Captioned web image data
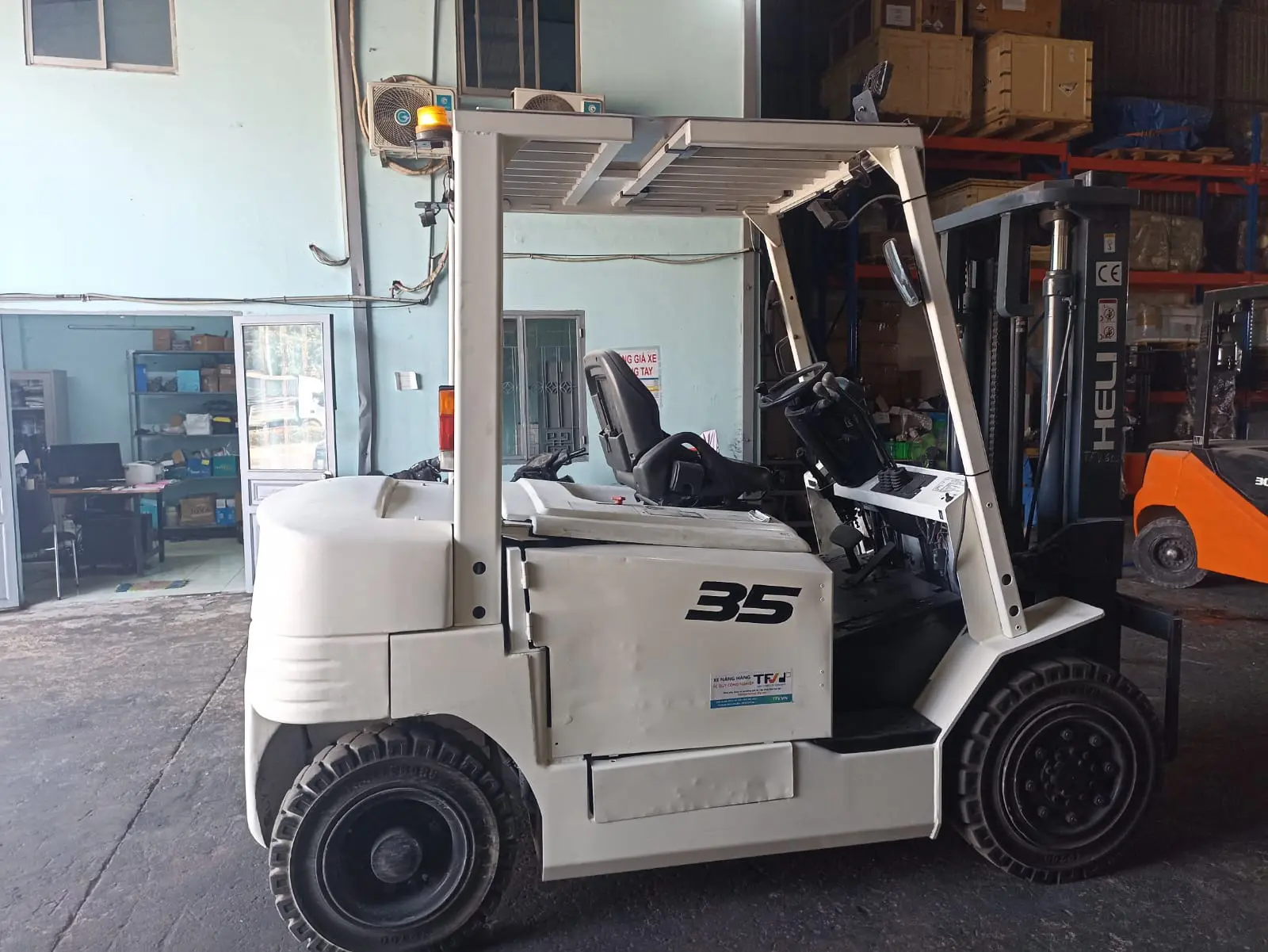 Xe nâng điện cũ 3.5 tấn Sumitomo 53-FB35PJE sản xuất 2021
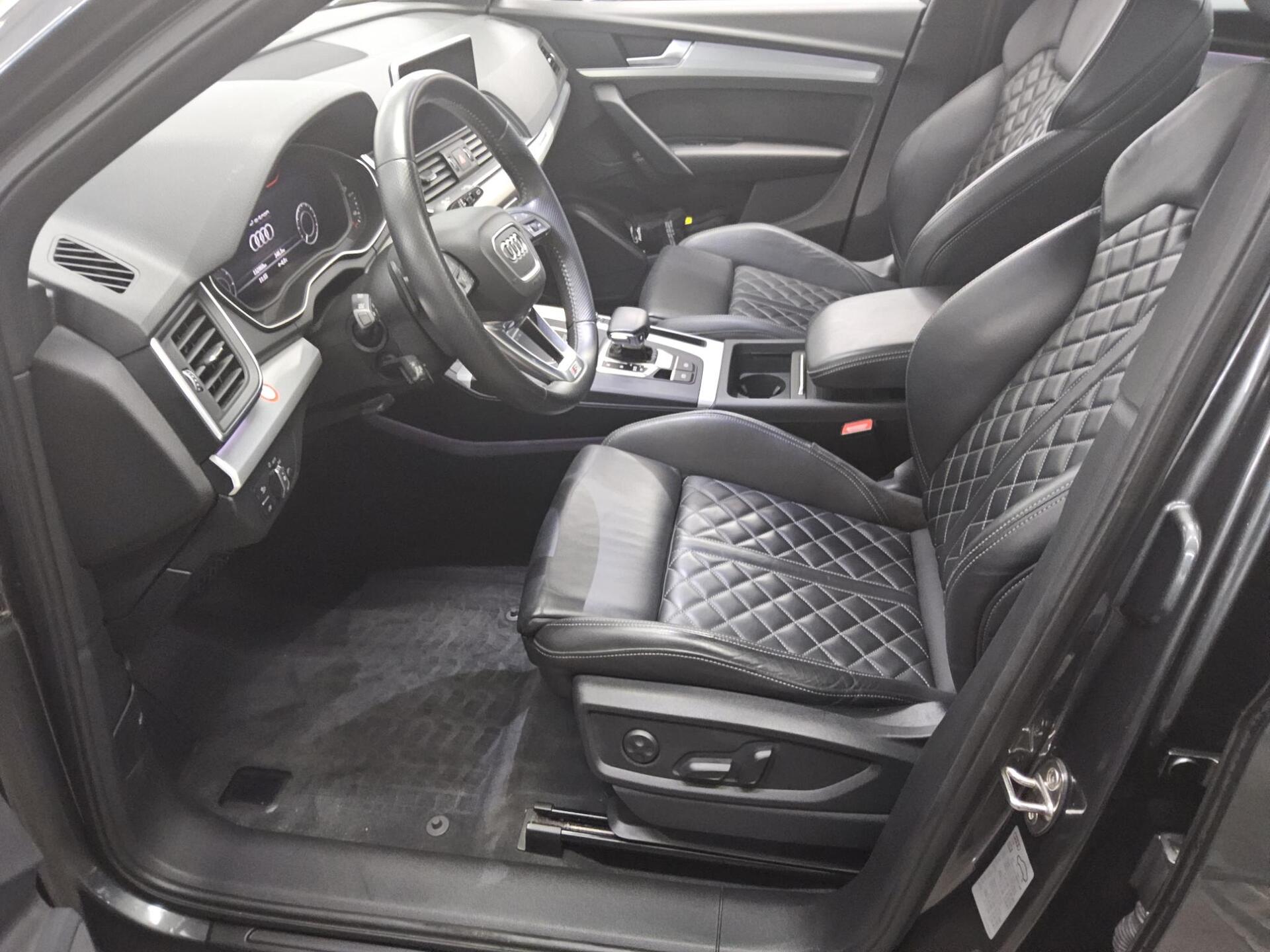 Audi Q5 50 TFSI e Qu. S-Line Raute Navi vc Matrix AHK 9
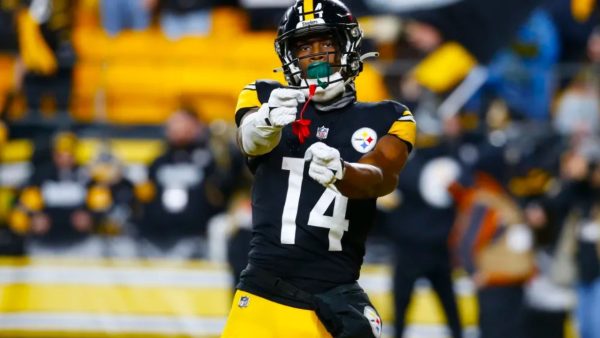 George Pickens recording 0 yards against Bengals has Steelers fans worried about their playoff chances - "Absolutely quit on this team"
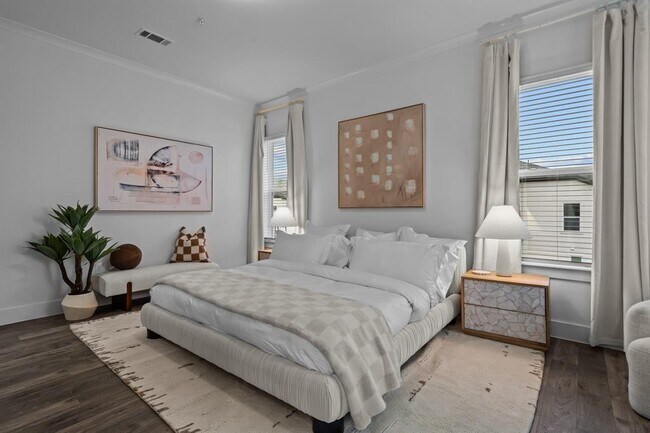 Photo - 1664 Hillside Terrace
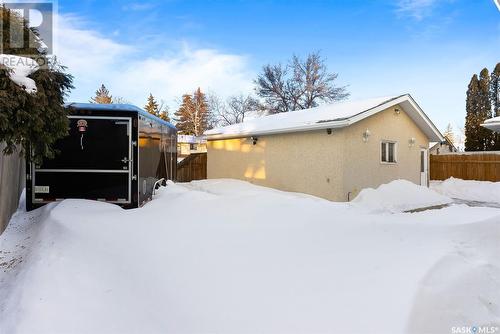 18 Sibbald Crescent, Regina, SK - Outdoor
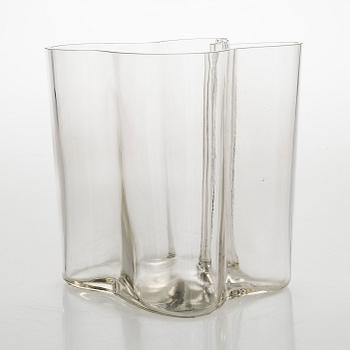 Alvar Aalto, maljakko, malli 3031, signeerattu Alvar Aalto - 3031 korkeus 20 cm.
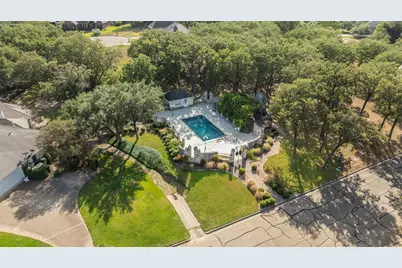 1340 Autumn Oaks Circle, China Spring, TX 76633 - Photo 5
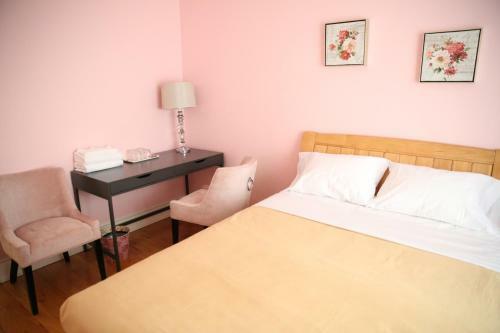 Hostal Elegant Suite At Bloor/bathurst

- [What you have to do] Without the pictures, transcribe exactly the lines above from the one containing "1340 Autumn Oaks" through the last.

- [Output for this exercise]
 1340 Autumn Oaks Circle, China Spring, TX 76633 - Photo 5
 Hostal Elegant Suite At Bloor/bathurst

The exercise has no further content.